#### EXERCISE:
Output nothing except the lines from the one containing "Sweetheart Lace Bridal" through the final line of the data, both included, typed exactly, minus the pictures.

#### SUPPLIED MATERIAL:

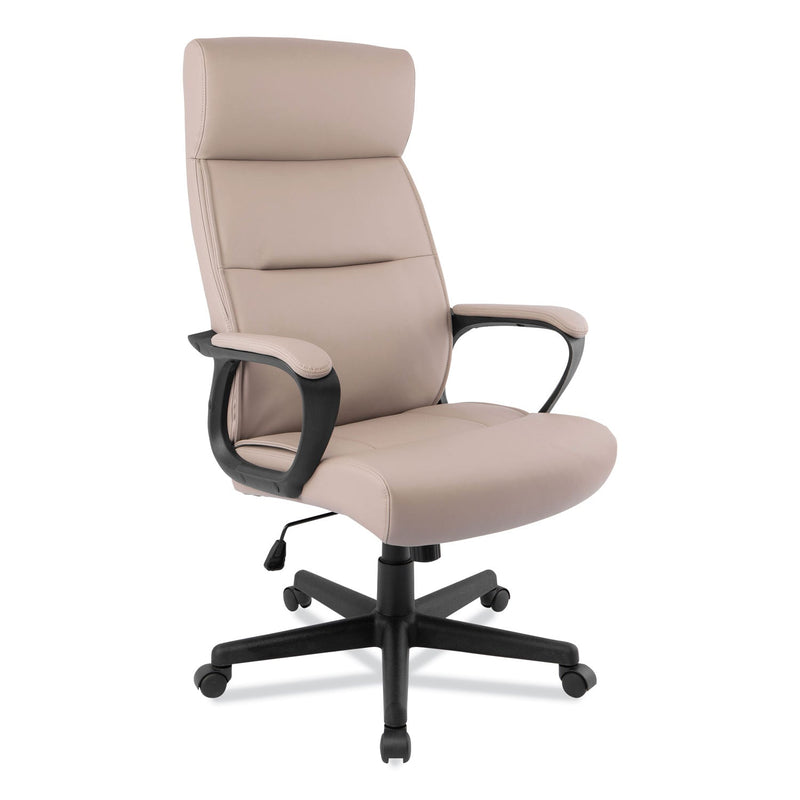 Alera Oxnam Series High-Back Task Chair, Supports Up to 275 lbs, 17.56" to 21.38" Seat Height, Tan Seat/Back, Black Base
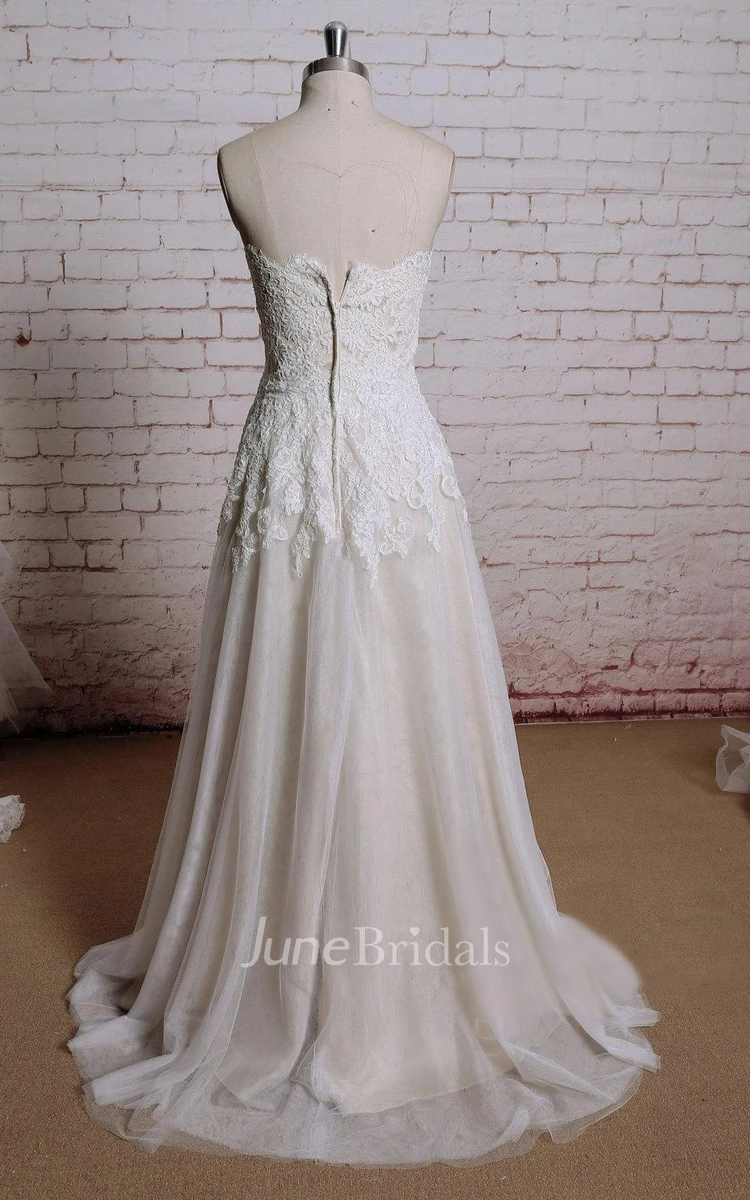 Sweetheart Lace Bridal Gown With Champagne Underlay and Pleats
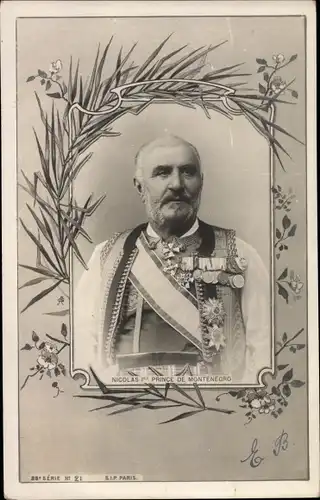 Passepartout Ak Nicolas 1er Prince de Montenegro, Portrait, Uniform, Orden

#### OUTPUT FOR THIS EXERCISE:
 Sweetheart Lace Bridal Gown With Champagne Underlay and Pleats
 Passepartout Ak Nicolas 1er Prince de Montenegro, Portrait, Uniform, Orden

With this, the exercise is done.